_Exercise objective_
The data below holds a line containing "Light Emitted By" and a line containing "Alis Yellow White Diamond Earrings"; please quote exactly those two lines and every line between them, and nothing else.

(Records from a data collection)
──────────

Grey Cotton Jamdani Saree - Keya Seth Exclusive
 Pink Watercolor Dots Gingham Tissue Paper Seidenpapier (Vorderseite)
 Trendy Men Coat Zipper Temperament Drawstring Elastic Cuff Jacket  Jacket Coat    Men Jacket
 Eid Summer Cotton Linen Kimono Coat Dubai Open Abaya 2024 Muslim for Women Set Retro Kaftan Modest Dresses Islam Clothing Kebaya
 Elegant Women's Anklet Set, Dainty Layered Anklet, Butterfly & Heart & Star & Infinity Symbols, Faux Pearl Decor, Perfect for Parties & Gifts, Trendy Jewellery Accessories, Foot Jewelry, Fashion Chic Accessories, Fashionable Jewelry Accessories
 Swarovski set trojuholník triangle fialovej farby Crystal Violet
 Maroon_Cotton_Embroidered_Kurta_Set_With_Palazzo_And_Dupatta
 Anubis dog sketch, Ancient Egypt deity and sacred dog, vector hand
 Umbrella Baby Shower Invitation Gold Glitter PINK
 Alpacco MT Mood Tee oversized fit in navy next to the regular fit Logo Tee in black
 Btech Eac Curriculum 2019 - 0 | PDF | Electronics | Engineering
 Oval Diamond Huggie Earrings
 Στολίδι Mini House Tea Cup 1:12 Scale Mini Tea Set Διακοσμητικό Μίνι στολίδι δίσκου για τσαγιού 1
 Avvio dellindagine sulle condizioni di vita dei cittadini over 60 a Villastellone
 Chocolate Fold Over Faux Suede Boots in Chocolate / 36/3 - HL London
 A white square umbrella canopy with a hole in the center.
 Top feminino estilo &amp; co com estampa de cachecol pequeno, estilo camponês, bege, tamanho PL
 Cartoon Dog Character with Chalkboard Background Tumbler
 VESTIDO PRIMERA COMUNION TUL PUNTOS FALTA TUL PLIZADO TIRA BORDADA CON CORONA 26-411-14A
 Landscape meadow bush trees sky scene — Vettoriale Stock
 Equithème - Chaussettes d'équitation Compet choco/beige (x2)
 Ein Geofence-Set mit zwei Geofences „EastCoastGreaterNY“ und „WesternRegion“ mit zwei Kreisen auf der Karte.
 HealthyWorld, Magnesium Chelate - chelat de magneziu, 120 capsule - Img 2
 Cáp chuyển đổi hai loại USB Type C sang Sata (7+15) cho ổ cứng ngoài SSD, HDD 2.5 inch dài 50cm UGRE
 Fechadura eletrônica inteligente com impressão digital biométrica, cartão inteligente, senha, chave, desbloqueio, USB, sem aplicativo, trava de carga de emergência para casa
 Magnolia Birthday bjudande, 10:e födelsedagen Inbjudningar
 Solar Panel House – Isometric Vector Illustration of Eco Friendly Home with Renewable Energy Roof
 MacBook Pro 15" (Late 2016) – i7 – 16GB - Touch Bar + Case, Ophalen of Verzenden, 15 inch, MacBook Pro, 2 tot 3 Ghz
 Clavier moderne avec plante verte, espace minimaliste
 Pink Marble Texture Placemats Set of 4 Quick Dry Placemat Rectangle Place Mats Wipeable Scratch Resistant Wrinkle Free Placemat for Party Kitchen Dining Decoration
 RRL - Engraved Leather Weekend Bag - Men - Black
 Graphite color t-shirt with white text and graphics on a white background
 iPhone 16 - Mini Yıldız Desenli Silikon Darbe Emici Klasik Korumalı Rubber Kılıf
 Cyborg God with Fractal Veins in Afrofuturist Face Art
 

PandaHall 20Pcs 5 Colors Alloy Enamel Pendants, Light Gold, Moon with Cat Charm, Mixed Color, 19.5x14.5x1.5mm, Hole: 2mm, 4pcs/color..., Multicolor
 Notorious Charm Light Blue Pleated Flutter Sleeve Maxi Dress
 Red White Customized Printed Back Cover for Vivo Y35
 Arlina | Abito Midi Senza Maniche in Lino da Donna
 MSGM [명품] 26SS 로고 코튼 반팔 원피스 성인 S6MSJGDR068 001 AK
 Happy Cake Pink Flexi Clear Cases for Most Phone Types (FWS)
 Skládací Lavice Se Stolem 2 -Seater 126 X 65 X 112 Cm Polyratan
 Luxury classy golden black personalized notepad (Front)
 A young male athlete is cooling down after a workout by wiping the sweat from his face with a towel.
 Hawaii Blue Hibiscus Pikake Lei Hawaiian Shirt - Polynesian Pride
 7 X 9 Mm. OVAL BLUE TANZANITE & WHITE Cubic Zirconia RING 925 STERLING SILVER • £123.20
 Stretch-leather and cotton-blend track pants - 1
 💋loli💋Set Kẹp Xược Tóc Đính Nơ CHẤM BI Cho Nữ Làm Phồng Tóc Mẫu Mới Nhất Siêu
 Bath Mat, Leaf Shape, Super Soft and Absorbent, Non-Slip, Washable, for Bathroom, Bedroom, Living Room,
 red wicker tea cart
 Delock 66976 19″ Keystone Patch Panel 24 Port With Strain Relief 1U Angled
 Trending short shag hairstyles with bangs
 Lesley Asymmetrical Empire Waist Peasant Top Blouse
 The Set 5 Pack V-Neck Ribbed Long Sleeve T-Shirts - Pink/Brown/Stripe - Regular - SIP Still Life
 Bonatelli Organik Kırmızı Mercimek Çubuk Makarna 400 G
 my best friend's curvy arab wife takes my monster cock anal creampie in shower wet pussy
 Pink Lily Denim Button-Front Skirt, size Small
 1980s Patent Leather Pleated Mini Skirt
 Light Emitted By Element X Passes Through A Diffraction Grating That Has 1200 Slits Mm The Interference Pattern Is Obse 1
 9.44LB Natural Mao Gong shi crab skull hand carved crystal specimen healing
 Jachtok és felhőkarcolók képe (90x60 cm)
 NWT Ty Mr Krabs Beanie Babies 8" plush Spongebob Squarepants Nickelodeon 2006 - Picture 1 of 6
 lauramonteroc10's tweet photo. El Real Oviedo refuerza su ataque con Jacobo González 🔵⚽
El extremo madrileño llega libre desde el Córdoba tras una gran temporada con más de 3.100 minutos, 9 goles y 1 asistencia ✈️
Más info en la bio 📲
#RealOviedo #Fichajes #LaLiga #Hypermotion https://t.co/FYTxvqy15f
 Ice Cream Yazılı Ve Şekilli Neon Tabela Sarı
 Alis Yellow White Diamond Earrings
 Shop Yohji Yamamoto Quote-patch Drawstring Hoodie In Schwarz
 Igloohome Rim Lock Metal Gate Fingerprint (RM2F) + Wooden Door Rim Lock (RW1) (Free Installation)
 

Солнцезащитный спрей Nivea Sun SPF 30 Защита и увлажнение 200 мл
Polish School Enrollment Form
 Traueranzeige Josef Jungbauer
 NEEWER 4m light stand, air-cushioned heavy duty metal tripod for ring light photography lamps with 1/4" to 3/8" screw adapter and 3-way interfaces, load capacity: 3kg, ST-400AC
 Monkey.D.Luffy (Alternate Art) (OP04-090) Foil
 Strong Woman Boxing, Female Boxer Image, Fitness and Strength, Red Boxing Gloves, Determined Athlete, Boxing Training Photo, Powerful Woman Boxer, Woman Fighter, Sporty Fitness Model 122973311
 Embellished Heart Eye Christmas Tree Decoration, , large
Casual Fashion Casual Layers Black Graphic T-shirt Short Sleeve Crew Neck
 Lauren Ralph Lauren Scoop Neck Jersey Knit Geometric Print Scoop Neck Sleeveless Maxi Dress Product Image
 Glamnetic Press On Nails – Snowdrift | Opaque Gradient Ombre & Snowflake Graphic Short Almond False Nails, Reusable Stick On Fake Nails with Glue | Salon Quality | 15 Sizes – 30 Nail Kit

──────────

_Response to this exercise_
 Light Emitted By Element X Passes Through A Diffraction Grating That Has 1200 Slits Mm The Interference Pattern Is Obse 1
 9.44LB Natural Mao Gong shi crab skull hand carved crystal specimen healing
 Jachtok és felhőkarcolók képe (90x60 cm)
 NWT Ty Mr Krabs Beanie Babies 8" plush Spongebob Squarepants Nickelodeon 2006 - Picture 1 of 6
 lauramonteroc10's tweet photo. El Real Oviedo refuerza su ataque con Jacobo González 🔵⚽
El extremo madrileño llega libre desde el Córdoba tras una gran temporada con más de 3.100 minutos, 9 goles y 1 asistencia ✈️
Más info en la bio 📲
#RealOviedo #Fichajes #LaLiga #Hypermotion https://t.co/FYTxvqy15f
 Ice Cream Yazılı Ve Şekilli Neon Tabela Sarı
 Alis Yellow White Diamond Earrings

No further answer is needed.